====== Extracted data

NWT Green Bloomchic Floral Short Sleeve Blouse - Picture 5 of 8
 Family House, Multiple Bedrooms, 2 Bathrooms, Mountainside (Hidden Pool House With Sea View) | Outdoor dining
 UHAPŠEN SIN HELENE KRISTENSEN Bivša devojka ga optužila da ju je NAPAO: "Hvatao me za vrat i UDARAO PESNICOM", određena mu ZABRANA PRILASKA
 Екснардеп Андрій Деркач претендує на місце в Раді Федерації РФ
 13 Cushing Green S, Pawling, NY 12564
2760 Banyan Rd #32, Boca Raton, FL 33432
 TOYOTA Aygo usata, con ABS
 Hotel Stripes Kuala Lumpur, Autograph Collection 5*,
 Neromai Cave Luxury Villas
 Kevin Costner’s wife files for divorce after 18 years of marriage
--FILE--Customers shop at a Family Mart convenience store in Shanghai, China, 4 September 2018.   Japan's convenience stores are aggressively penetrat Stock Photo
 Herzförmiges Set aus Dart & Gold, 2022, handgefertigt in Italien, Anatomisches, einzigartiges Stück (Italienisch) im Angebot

============

• [About this task]:
Would you return every line of the data above exactly?

• [Solution to this exercise]:
NWT Green Bloomchic Floral Short Sleeve Blouse - Picture 5 of 8
 Family House, Multiple Bedrooms, 2 Bathrooms, Mountainside (Hidden Pool House With Sea View) | Outdoor dining
 UHAPŠEN SIN HELENE KRISTENSEN Bivša devojka ga optužila da ju je NAPAO: "Hvatao me za vrat i UDARAO PESNICOM", određena mu ZABRANA PRILASKA
 Екснардеп Андрій Деркач претендує на місце в Раді Федерації РФ
 13 Cushing Green S, Pawling, NY 12564
2760 Banyan Rd #32, Boca Raton, FL 33432
 TOYOTA Aygo usata, con ABS
 Hotel Stripes Kuala Lumpur, Autograph Collection 5*,
 Neromai Cave Luxury Villas
 Kevin Costner’s wife files for divorce after 18 years of marriage
--FILE--Customers shop at a Family Mart convenience store in Shanghai, China, 4 September 2018.   Japan's convenience stores are aggressively penetrat Stock Photo
 Herzförmiges Set aus Dart & Gold, 2022, handgefertigt in Italien, Anatomisches, einzigartiges Stück (Italienisch) im Angebot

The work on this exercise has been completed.